Start of Provided data
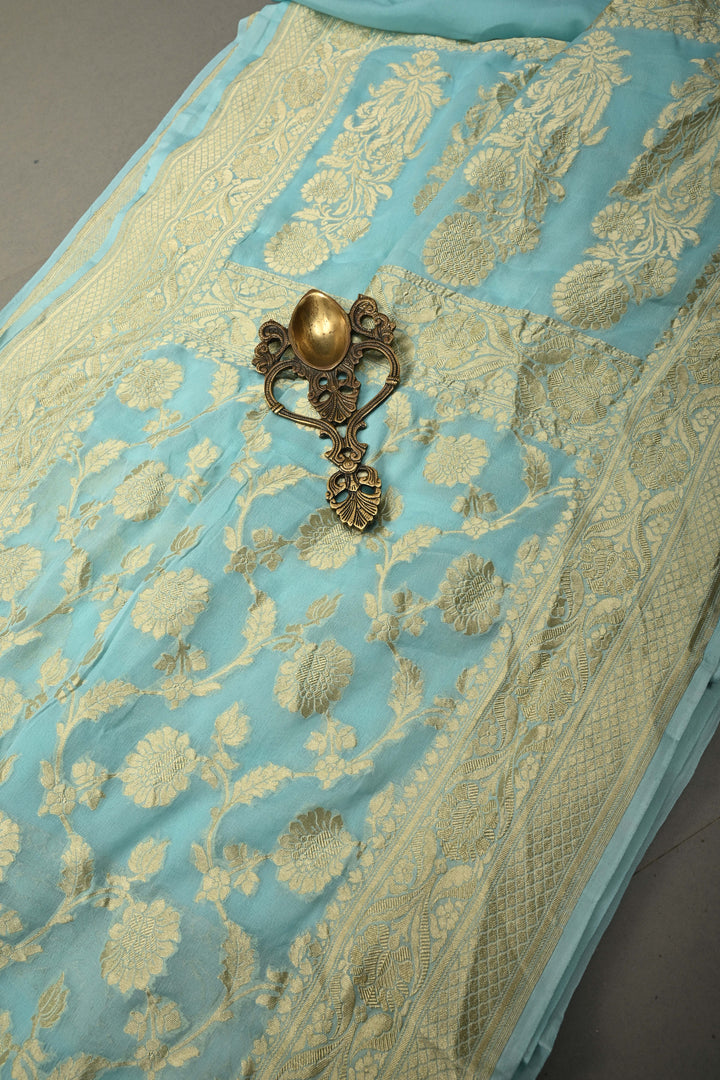 Aqua Blue Banarasi Georgette Silk Saree with Floral Zari Jaal and Zari Border | SILK MARK CERTIFIED | SHOBITAM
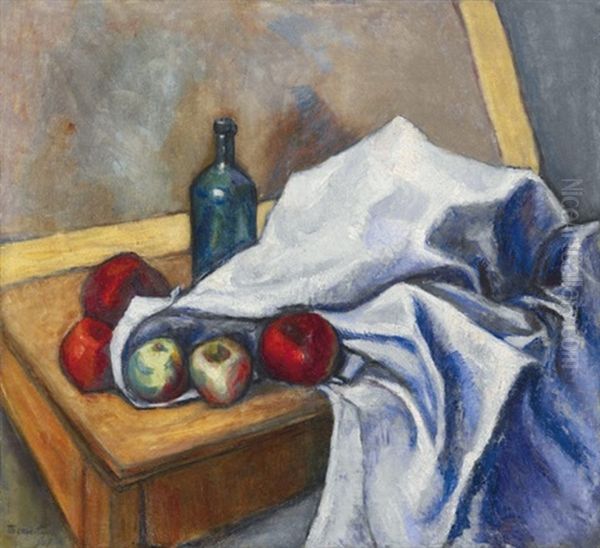 Still Life With Green Bottles Oil Painting by Lajos Tihanyi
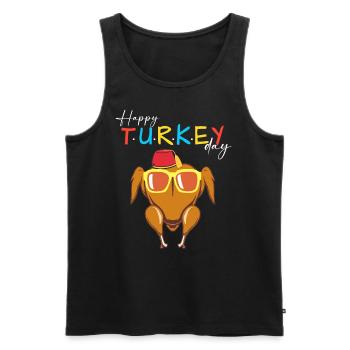 Thanksgiving For Friends Happy Turkey Day - Männer Premium Bio Tank Top - Schwarz - Vorne - Michal (187cm)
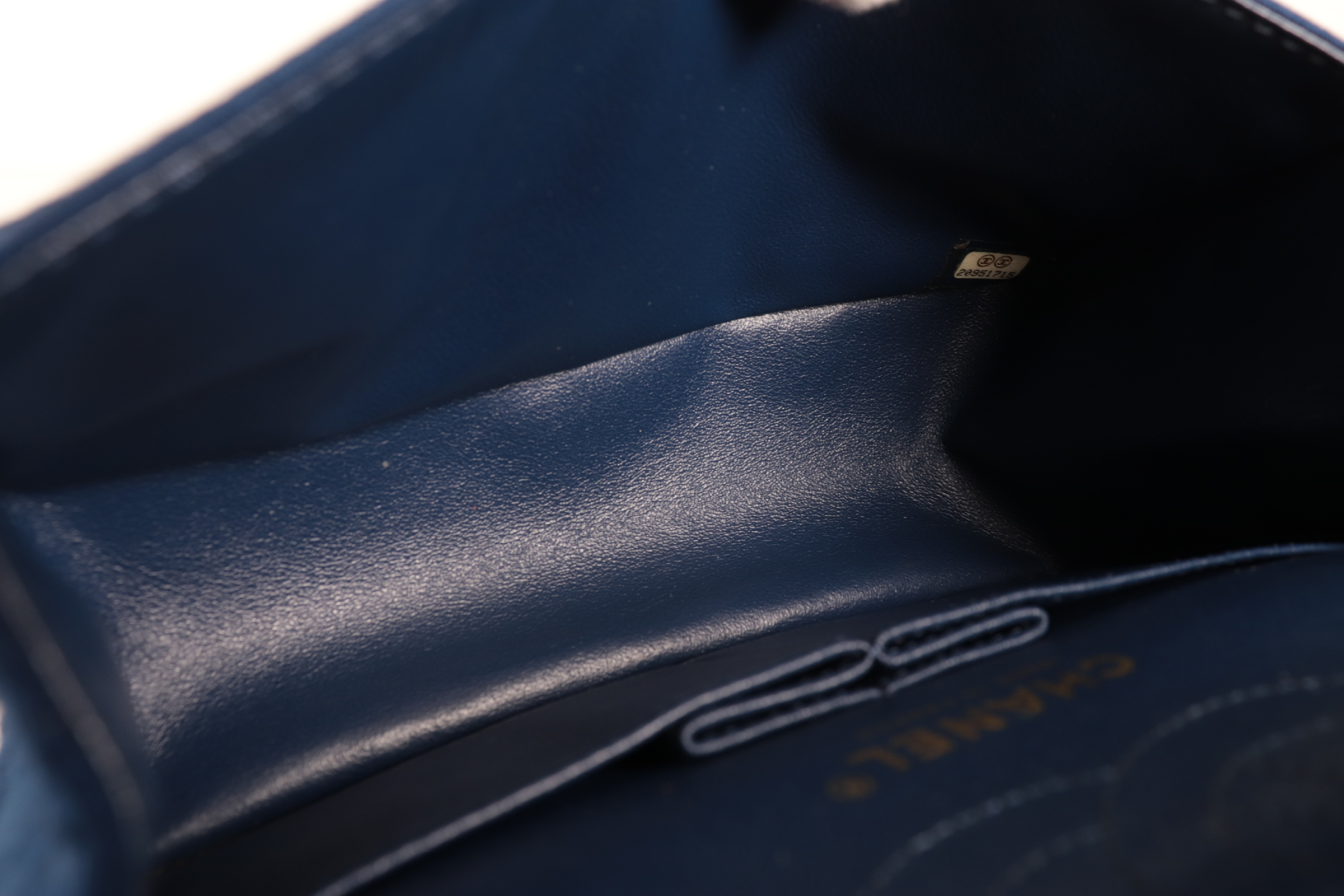 2.55 Mini Mat Double Flap Chain Shoulder Bag, Navy, Series 20s — view 9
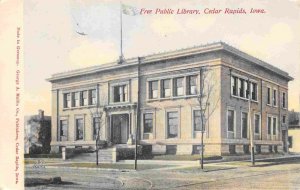 Free Public Library Cedar Rapids Iowa 1910c postcard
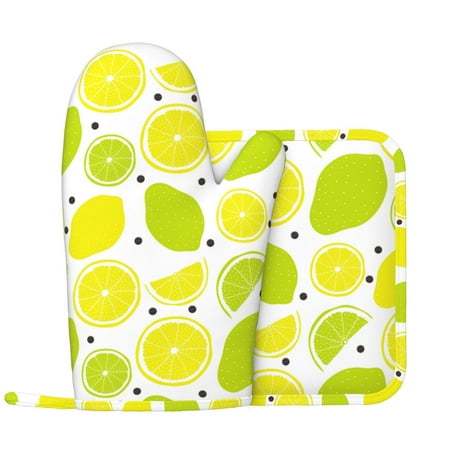 

Oven Mitts and Pot Holders Sets yellow green Lemon Non-Slip Silicone Oven Gloves Potholders Cotton Lining Heat Resistant Gloves Hot Pads for Kitchen Cooking Baking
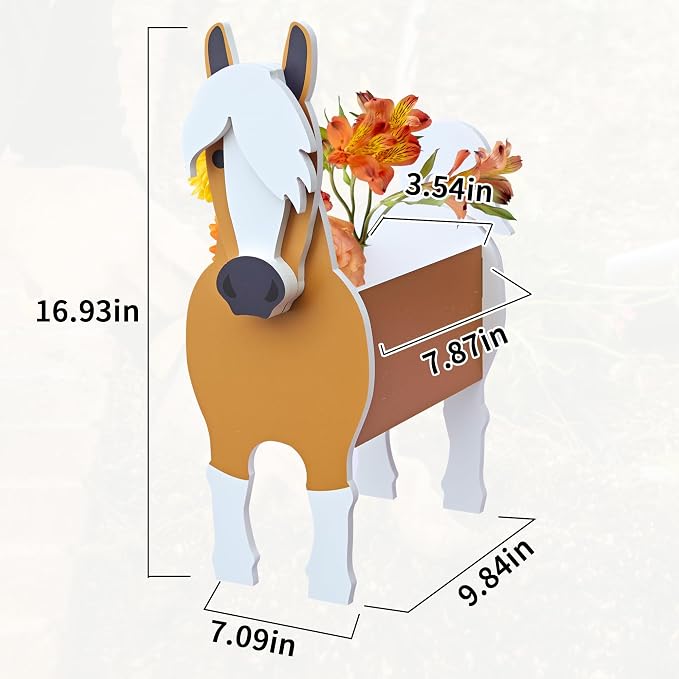 Horse Planter, Cute Animal Shape Flower Planters, Plant Pots for Indoor/Outdoor Garden Decor, Unique Gifts/Souvenirs for Pet Lovers (Large)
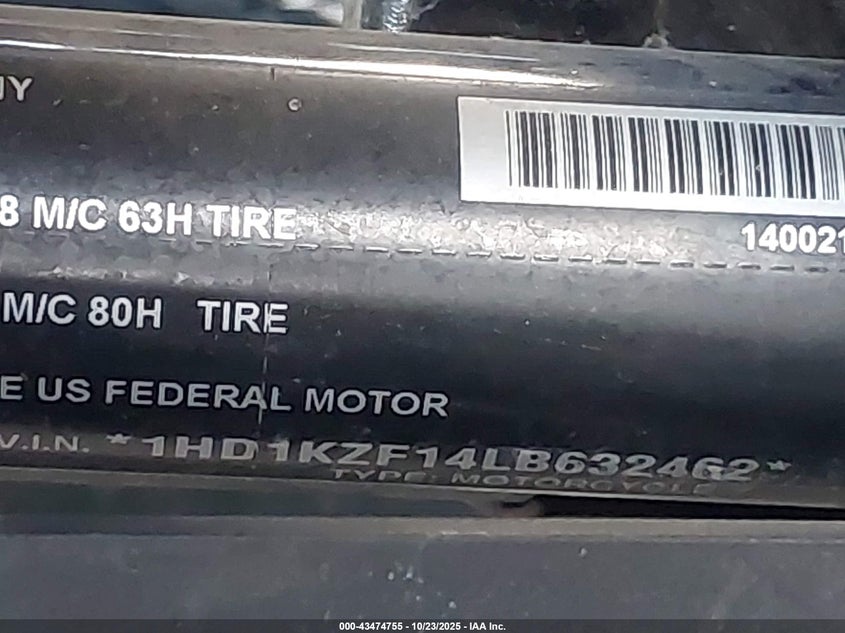 2020 Harley-Davidson Fltrk VIN: 1HD1KZF14LB632462 Lot: 43474755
End of Provided data
Please retype exactly the lines from the one containing "2.55 Mini Mat" to the last line of the records above, both included, without any pictures.

Response box:
 2.55 Mini Mat Double Flap Chain Shoulder Bag, Navy, Series 20s — view 9
 Free Public Library Cedar Rapids Iowa 1910c postcard

Oven Mitts and Pot Holders Sets yellow green Lemon Non-Slip Silicone Oven Gloves Potholders Cotton Lining Heat Resistant Gloves Hot Pads for Kitchen Cooking Baking
 Horse Planter, Cute Animal Shape Flower Planters, Plant Pots for Indoor/Outdoor Garden Decor, Unique Gifts/Souvenirs for Pet Lovers (Large)
 2020 Harley-Davidson Fltrk VIN: 1HD1KZF14LB632462 Lot: 43474755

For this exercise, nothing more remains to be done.